Klager bevond zich ten tijde van de bestreden beslissing in het basisprogramma. Op grond van artikel 16 van de Regeling tijdelijk verlaten van de inrichting (hierna: de Regeling) komt een gedetineerde niet in aanmerking voor re-integratieverlof wanneer hij zich in het basisprogramma bevindt.
Vóór 1 januari 2025 was kortdurend re-integratieverlof op grond van artikel 19, vierde lid, van de Regeling (oud) in die situatie alleen mogelijk in geval van zwaarwegende redenen die zien op de re-integratie van de gedetineerde (vergelijk RSJ 20 oktober 2022, 22/26193/GV).

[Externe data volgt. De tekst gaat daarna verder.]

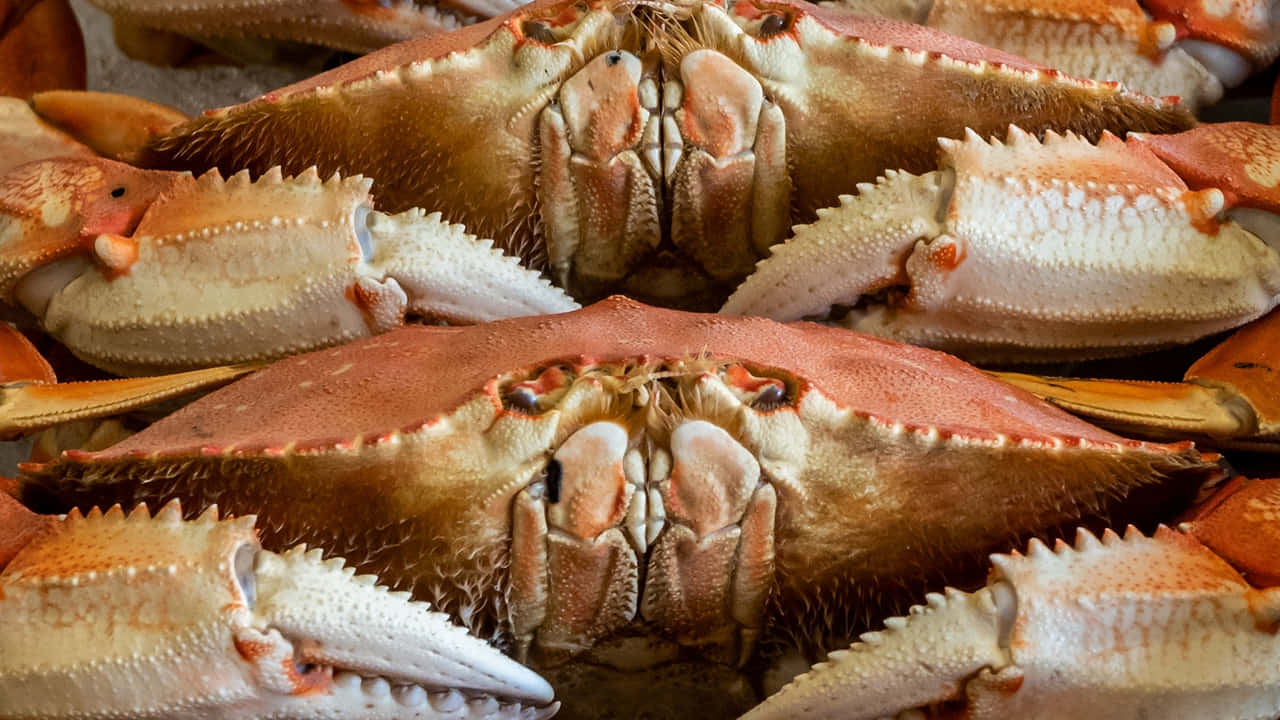 Dungeness Crabs Up Close Wallpaper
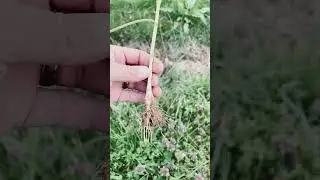 #homestead #homesteading #survival #hunting #viral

Klager heeft verzocht om kortdurend re-integratieverlof voor het onderhouden van zijn sociale netwerk. Gelet op artikel 19 in samenhang met artikel 19a van de Regeling is voornoemde uitzonderingsmogelijkheid niet langer van toepassing op dergelijke verzoeken, maar slechts wanneer is verzocht om kortdurend re-integratieverlof anders dan voor het onderhouden van een sociaal netwerk.
Voor zover namens klager in beroep nog wordt aangevoerd dat hij momenteel weer in het plusprogramma verblijft, geldt dat dit het voornoemde niet anders maakt.
Gelet op het voorgaande is de bestreden beslissing juist. Het beroep zal daarom ongegrond worden verklaard.
3. De uitspraak
De beroepscommissie verklaart het beroep ongegrond.
Deze uitspraak is op 7 april 2025 gedaan door de beroepscommissie, bestaande uit
mr. G.C. Bos, voorzitter, mr. A.B. Baumgarten en mr. dr. A. Pahladsingh, leden, bijgestaan door mr. M. Olde Keizer, secretaris.